Data provided =
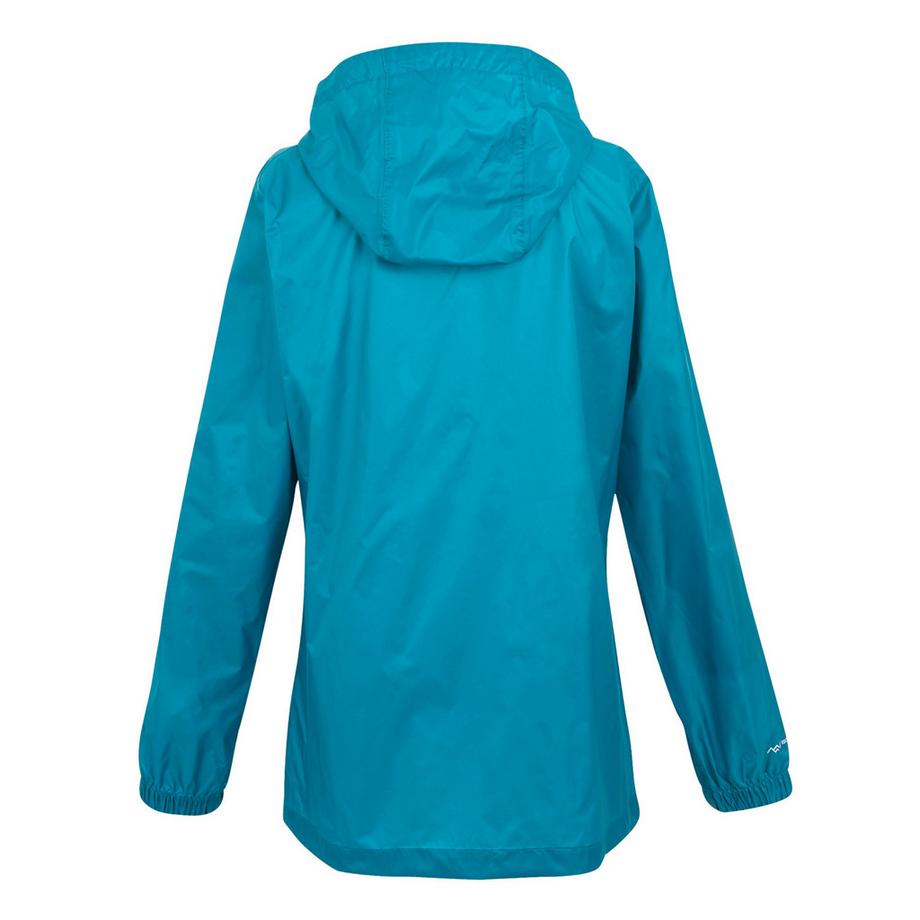 Regatta Veste Imperméable À Capuche Pack It  
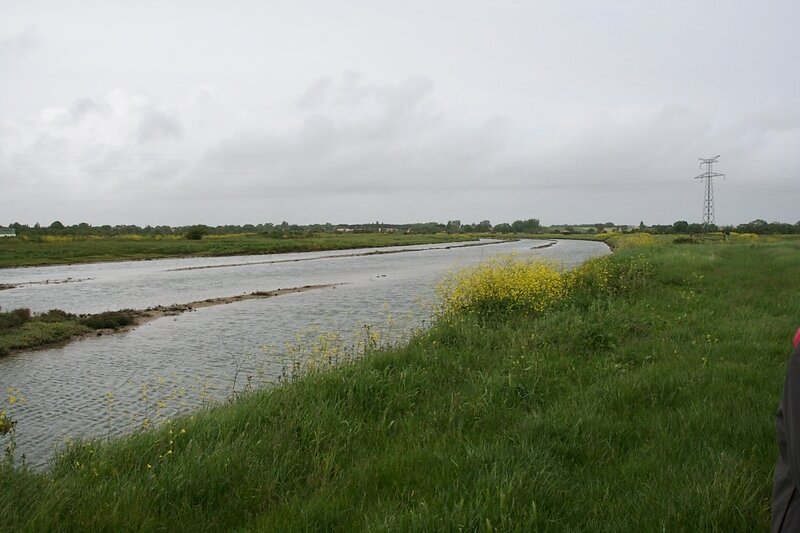 Bassin de stockage d'eau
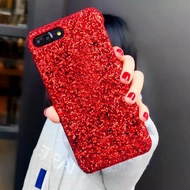 Glamour Glitter Diamond Case Oppo Reno 8 4G Reno 8 5G Reno 8Z Reno 8 Pro 5G Reno 8T 4G Reno 8T 5G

Your goal = The answer is the listing above repeated verbatim, minus its images.

Answer to this problem =
 Regatta Veste Imperméable À Capuche Pack It  
 Bassin de stockage d'eau
 Glamour Glitter Diamond Case Oppo Reno 8 4G Reno 8 5G Reno 8Z Reno 8 Pro 5G Reno 8T 4G Reno 8T 5G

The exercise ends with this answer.